Une plante en Amérique du Sud et une chaîne de mon­tagnes sur Pluton portent son nom. Et pour­tant, c’est sous un pseu­do­nyme qu’elle eut la chance de par­ti­ci­per à une aven­ture que les hommes refu­saient alors aux femmes : embar­quer sur un navire avec le scien­ti­fique Bougainville pour recen­ser des plantes à tra­vers le monde. À bord, elle fut sur­nom­mée « bête de somme ». Plus tard, elle fut qua­li­fiée par Louis XVI de « femme extra­or­di­naire ». Autant de super­la­tifs pour dési­gner Jeanne Barret, née le 27 juillet 1740 dans une famille pay­sanne en Bourgogne, l’une des régions les plus pauvres de la France de l’époque. Sa vie prend un tour­nant lorsqu’elle entre au ser­vice de Philibert Commerson. Il est méde­cin, bota­niste et de treize ans son aîné. Elle est son bras droit, ordon­né et métho­dique, char­gée du ménage, mais aus­si du ran­ge­ment des docu­ments liés à la bota­nique. Avec lui, et grâce à ses doubles jour­nées, elle apprend à recon­naître les plantes. Lorsque Commerson devient veuf, leur rela­tion, basée sur leur com­pli­ci­té et leur pas­sion com­mune pour la bota­nique, se fait plus tendre. 

Expédition royale

En 1764, ils montent à la capi­tale. Officiellement, Philibert veut côtoyer des bota­nistes renom­més. Officieusement, Jeanne est enceinte et ça jase dans le vil­lage. Ils perdent leur enfant en bas âge, mais Commerson est invi­té à par­ti­ci­per à l’expédition de Louis-​Antoine de Bougainville, offi­cier de marine pas­sion­né par la nature. Le Roi finance le voyage, dont le but est tout autant scien­ti­fique que poli­tique. En effet, l’explorateur bri­tan­nique James Cook mul­ti­plie les expé­di­tions sur les océans pour obser­ver et carto­graphier les côtes des conti­nents et des îles. 

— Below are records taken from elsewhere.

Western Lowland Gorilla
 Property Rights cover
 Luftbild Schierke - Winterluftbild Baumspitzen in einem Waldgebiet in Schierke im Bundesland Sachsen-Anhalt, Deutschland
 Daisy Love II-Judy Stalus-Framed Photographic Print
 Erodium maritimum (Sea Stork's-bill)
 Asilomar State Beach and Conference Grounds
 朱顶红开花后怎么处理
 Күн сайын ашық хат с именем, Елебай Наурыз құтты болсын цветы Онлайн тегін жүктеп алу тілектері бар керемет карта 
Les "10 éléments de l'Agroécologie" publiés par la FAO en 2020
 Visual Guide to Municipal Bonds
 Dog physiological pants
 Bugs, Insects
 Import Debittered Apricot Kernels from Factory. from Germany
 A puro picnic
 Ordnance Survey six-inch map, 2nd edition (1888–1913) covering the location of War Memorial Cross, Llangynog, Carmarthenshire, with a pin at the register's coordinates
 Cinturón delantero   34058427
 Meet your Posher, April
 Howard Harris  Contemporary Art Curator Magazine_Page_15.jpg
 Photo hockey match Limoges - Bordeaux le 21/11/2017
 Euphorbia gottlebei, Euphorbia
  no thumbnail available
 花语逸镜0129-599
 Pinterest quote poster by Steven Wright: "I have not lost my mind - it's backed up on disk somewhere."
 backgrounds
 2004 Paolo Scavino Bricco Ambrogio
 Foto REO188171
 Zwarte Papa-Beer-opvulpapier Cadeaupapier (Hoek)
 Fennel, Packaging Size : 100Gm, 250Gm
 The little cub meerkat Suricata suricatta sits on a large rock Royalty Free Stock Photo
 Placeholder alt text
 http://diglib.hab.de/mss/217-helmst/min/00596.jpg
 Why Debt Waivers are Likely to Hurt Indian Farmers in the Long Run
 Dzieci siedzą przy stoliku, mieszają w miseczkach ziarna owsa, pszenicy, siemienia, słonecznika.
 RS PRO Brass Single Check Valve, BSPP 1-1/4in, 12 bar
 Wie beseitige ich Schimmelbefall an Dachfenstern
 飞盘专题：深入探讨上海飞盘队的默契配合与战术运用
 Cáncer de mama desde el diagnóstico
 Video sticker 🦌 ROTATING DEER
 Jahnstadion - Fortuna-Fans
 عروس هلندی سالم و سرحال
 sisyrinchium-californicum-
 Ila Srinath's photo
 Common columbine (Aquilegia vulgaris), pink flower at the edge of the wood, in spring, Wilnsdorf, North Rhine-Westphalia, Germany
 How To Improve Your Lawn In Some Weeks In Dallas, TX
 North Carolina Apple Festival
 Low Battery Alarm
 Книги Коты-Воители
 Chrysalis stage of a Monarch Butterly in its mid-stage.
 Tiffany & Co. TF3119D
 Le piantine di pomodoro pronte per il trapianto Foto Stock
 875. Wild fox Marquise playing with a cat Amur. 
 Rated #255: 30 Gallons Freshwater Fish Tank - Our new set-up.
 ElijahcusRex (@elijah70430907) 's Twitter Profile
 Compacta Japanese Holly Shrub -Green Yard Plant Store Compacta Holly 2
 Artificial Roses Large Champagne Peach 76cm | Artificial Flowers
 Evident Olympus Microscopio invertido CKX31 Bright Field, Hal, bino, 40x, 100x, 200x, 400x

À bord du navire de Bougainville prennent place astro­nomes, car­to­graphes, ingé­nieurs, natu­ra­listes, ­des­si­na­teurs et écri­vains, qui vont explo­rer le monde, si pos­sible avant les Anglais. La mis­sion de Commerson sera ­d’observer, col­lec­ter et clas­ser des spé­ci­mens de la flore locale à chaque escale. Jeanne Barret, qui brûle d’embarquer dans l’aventure, a de la chance : son patron et amant n’est pas du genre auto­nome ni en excel­lente san­té, il aime­rait ­l’emmener dans l’expédition comme infir­mière – bonne – res­pon­sable admi­nis­tra­tive – cheffe de pro­jet scien­ti­fique. Problème : les femmes ne sont pas les bien­ve­nues à bord. D’après une ordon­nance royale, « la pré­sence de toute femme sur un bateau de Sa Majesté est inter­dite, sauf pour une courte visite ; un mois de sus­pen­sion sera requis contre l’officier qui contre­vien­drait à cet ordre et quinze jours de fer pour un membre de l’équipage qui, lui-​même, n’y sous­cri­rait point ».

La super­che­rie…

Solution : c’est en homme que Jeanne Barret se joint à l’expédition, juste avant le départ du navire du port de Rochefort (Charente-​Maritime), le 1er février 1767. Elle porte les che­veux courts, des vête­ments amples, une bande qui com­prime sa poi­trine. Commerson pré­sente Jean Baré comme son valet payé par le Roi. Les voi­là par­tis pour un tour du monde, cap sur Rio de Janeiro (Brésil). Romantique ? Pas vrai­ment. Souffrant d’un ulcère à la jambe et du mal de mer, Commerson obtient que son valet dorme dans sa cabine, pen­dant que les cent vingt autres hommes de l’équipage sont confi­nés ensemble. Des rumeurs sur­gissent vite. Jean, au corps très menu et sans pilo­si­té, ne se met jamais torse nu sur le pont. On le soup­çonne d’être une femme. Pour les faire taire, Jeanne va redou­bler de tra­vail. Au point que Louis-​Antoine de Bougainville écri­ra plus tard dans son jour­nal, Voyage autour du monde, paru en 1772 : « Comment recon­naître une femme dans cet infa­ti­gable Baré ? […] [Elle avait] un cou­rage et une force qui lui avaient méri­té le sur­nom de “bête de somme”. »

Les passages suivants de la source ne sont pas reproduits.